Our previous example of a license link needs only minor modification to make it refer to the image:

<a about="http://www.flickr.com/photos/detached/2529217704/"  
 href="http://creativecommons.org/licenses/by-nc-sa/2.0/deed.en_GB" rel="license  
>  
  cc by 2.0  
</a>

It’s difficult to argue that this is complex, since it’s only a minor change for authors.

Extending `rel-license`

But there is no reason why this formulation shouldn’t also be included in rel-license; after all, the key purpose of a Microformat is to promote re- use and provide bite-size pieces that authors can quickly learn and put to work.

rel-license could remain ‘the last word’ on the use of license in @rel and @rev, but it could also provide information about how to use license in HTML, XHTML and RDFa. That way there is only one place that authors need to go.

Solving the BBC problem

I said at the beginning that the BBC still needed to create a vocabulary, even if it adopted RDFa. In other words, it may gain a solution to the accessibility problem by dropping hCalendar, but it loses the advantage of having a community-maintained syntax.

That doesn’t mean we have the answer straight away, but I strongly suggest that we don’t throw the baby out with the bathwater here.

The Microformats community is responsible for getting many people to look again at the semantic web, after having been put off by the more theoretical approach. But it needs to build on this success, and look at updating its formats to make use of the new attributes and generic parsing algorithm provided by RDFa. That way it can solve its technical problems, and continue to lead the way in defining ‘agile’ vocabularies for the semantic web.

And whilst the RDFa community has shown that it is possible to have a syntax that supports the ‘full’ semantic web, without it needing to exist in a separate space of complex mark-up and extra documents, it should remember that a generic syntax is nothing without vocabularies.

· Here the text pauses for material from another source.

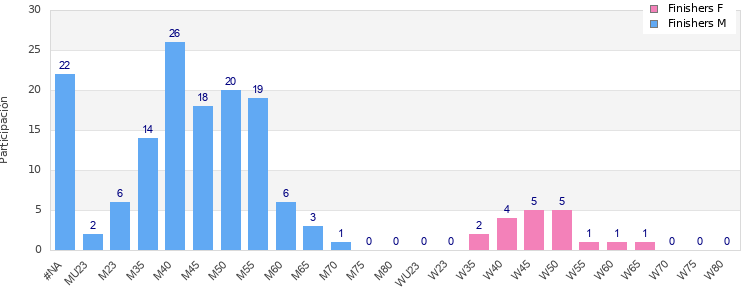 Age group distribution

I’ve just started work on an exciting project to mark up job vacancies in the UK public sector, using RDFa. And although the use of RDFa will make it very easy for departments to publish the metadata, it’s still going to require the creation of a vocabulary of terms. I’m going to be looking all over for suitable terms and vocabularies, and I’ll certainly be looking at how Microformats might fit in.